Passage of the bill followed weeks of furious negotiations between moderate and arch-conservatives, last-minute changes, and all-night sessions in committee and on the House floor to pass it by Speaker Mike Johnson’s (R-LA) self-imposed Memorial Day deadline. With a razor-thin majority in the House, Republicans could afford to lose a handful of their members on the final vote. The bill now goes to the Senate, which is all but certain to make changes, requiring the two chambers to reconcile their differences before sending it to the White House.

A number of provisions will – or could – impact the CRM industry:

Tax Deduction for Pass-Through Businesses. The bill would permanently extend a deduction for pass-through businesses like S corporations and partnerships – how a large number of CRM firms are organized – and increase the deduction from 20 percent to 23 percent starting in 2026. Without this provision, tax rates on pass-throughs would increase next year.
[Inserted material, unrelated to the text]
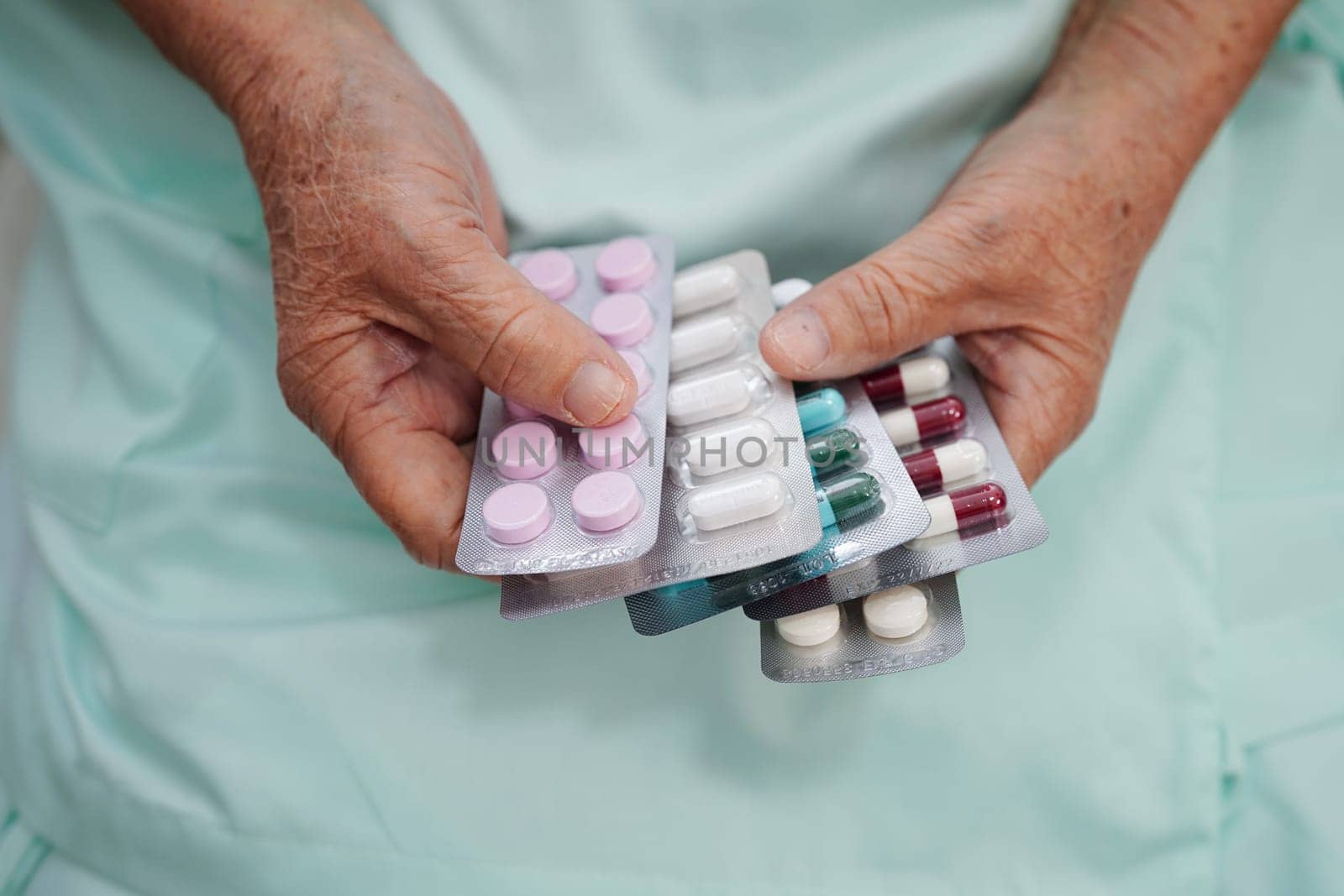 Asian elderly woman holding pill drug in hand, strong healthy medical concept.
Increases in Energy Project Leases. The bill would reinstate quarterly onshore oil and gas lease sales for Wyoming, New Mexico, Colorado, Utah, Montana, North Dakota, Oklahoma, Nevada, Alaska, and other states where land is available for oil and gas leasing. It also requires the Department of the Interior to conduct yearly lease sales for geothermal energy projects, as well as ;lease sales in Alaska. And it requires at least 30 offshore oil and gas lease sales in the Gulf of Mexico over 15 years beginning in August 2025.
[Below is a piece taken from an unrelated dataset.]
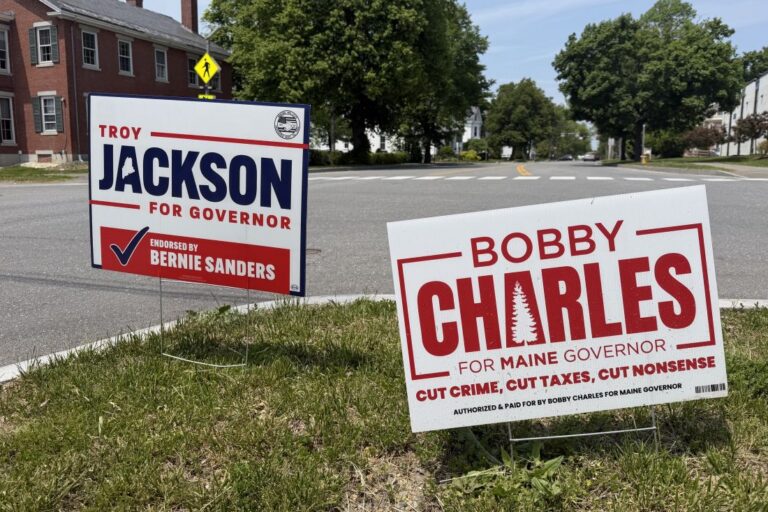 campaign yard signs for Troy Jackson and Bobby Charles seen at the edge of an intersection.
Phase-Out of Energy Tax Incentives. The bill would phase out and eliminate a number of clean energy tax incentives that were enacted in the 2022 Inflation Reduction Act (IRA), including the clean electricity production (48E and 45Y) tax credits. A late change to the bill, made to offset the cost of other provisions, accelerate the phase out requiring construction of an eligible facility to start within 60 days of the bill’s enactment and the plant must be placed in service by the end of 2028.

Project Sponsor Fees for NEPAThe bill includes provisions stipulating that, if project sponsors pay a fee for preparing NEPA documents, environmental assessments must be finalized within six months and environmental impact statements within one year; in addition, no administrative or judicial review of an EA/EIS for which a fee was paid would be allowed.
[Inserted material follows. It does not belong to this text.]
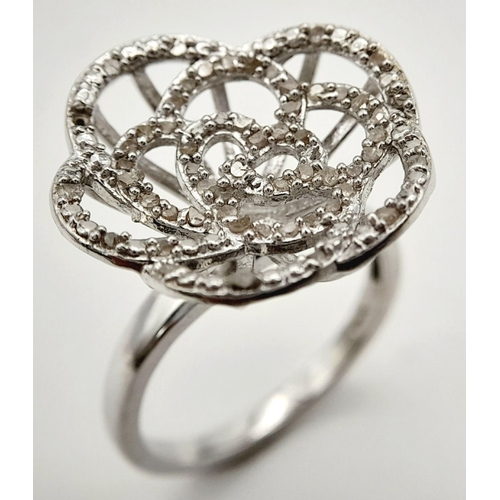 676 - A Sterling Silver Diamond Set Bowl Shape Ring Size P. Crown Measures 2cm Wide and is set with round ...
Sale of Utah and Nevada Lands Removed. One major provision in the initial draft of the bill that was removed at the last minute would have allowed the sale of approximately 450,000 acres of public lands in Utah and Nevada. Removal of the provision was championed by Montana Rep. and former Interior Secretary Ryan Zinke (R), who voted for the bill once the provision was stripped.

ACRA is continuing to analyze the bill to assess the impact of other provisions on the industry.